Table 3 Commonly seen autoimmune antibodies, their related encephalitidis and associated abnormal movements listed in alphabetical order

On the other hand, Sydenham chorea comprises autoimmune sequelae that happen a few months after streptococcal infection in children [71]. Hashimoto’s thyroid disease with anti-TPO antibodies may be associated with unresponsiveness, myoclonus and seizures [91]. This entity is very responsive to steroids and a trial of steroids may serve both diagnostic and therapeutic purposes [91]. Other diagnostic modalities, such as brain MRI and cerebrospinal fluid analysis, showing typical inflammatory changes and identifying the paraneoplastic antibody may aid in the diagnosis. Expert neurological consultation may be necessary in unusual cases (Fig. 1).

Brain tumors

Primary and metastatic brain tumor patients may experience cerebral edema with associated herniation and elevation of ICP resulting in paroxysmal posturing [92, 93]. Abnormal movements related to seizures are seen in 60 % of primary brain tumors and 49 % of metastatic brain tumors [93]. Low-grade tumors tend to be more epileptogenic than high-grade tumors [93]. Seizures in these cases are usually focal with or without secondary generalization, or they may be complex partial, suggestive of focal onset [93]. Simple partial continua with continuous shaking of a limb or the face may also be seen [94].
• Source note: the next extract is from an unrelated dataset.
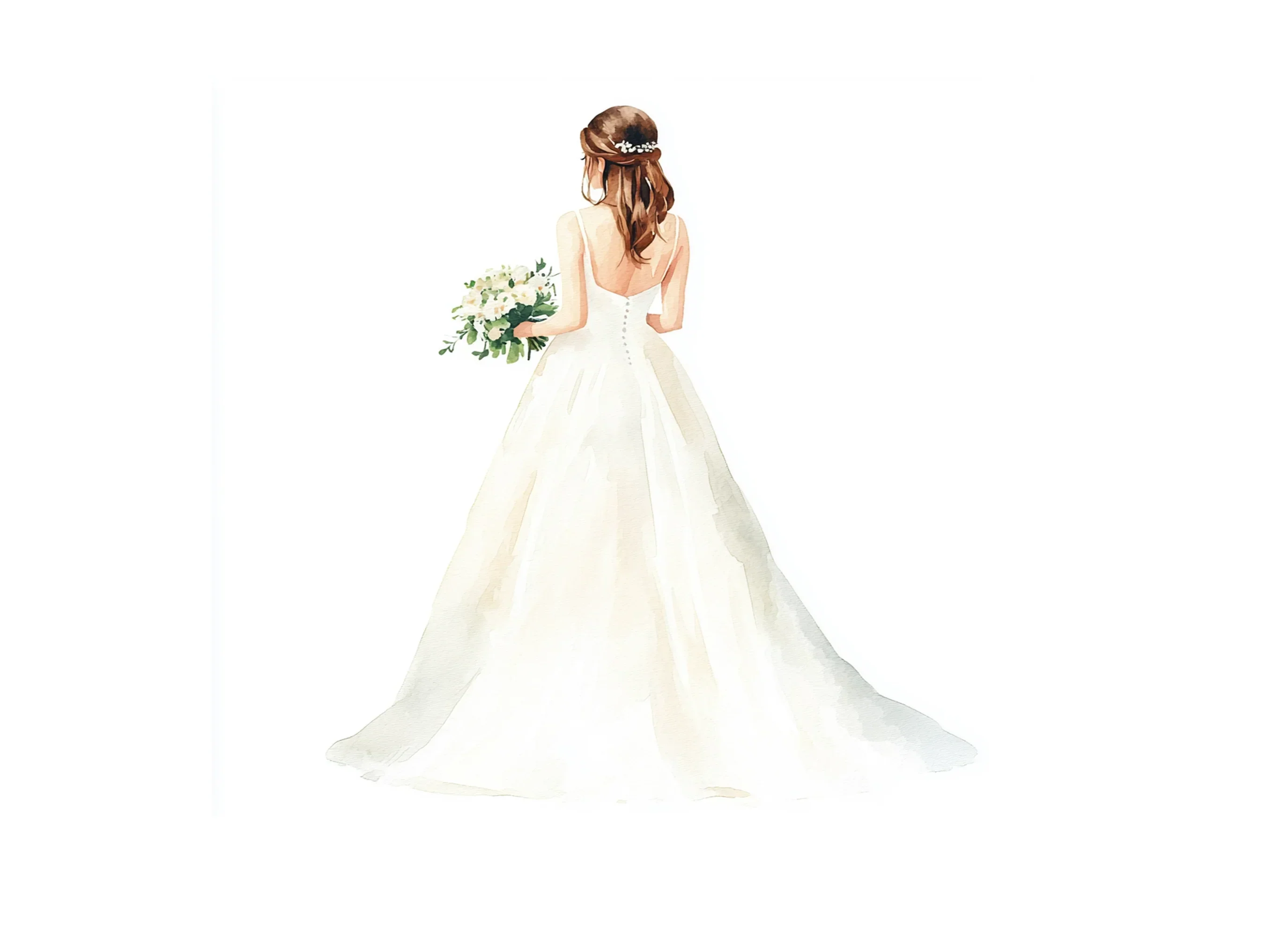 Elegant Bride Wedding Dress Clipart Bundle - Image 3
In contrast to other types of brain injuries, tumors are rarely responsible for extrapyramidal movements [95]. Intrinsic basal ganglia and thalamus tumors have been reported to cause chorea and less commonly dystonia [95].

Conclusion

Abnormal movement is an important phenomenon in the ICU and is associated with diverse etiologies and therapeutic implications. Based on previous data, a high degree of vigilance in identifying seizures and motor paroxysms due to impending herniation should be maintained, as early intervention often leads to improved outcome [96, 97]. Although not urgent, identification of other abnormal movements should not be overlooked and may prove very helpful in ICU patient management. An approach based on integrating the semiology and frequency of the movement according to the brain injury type may lead to correct diagnosis. Expert neurological consultation may be necessary in difficult cases.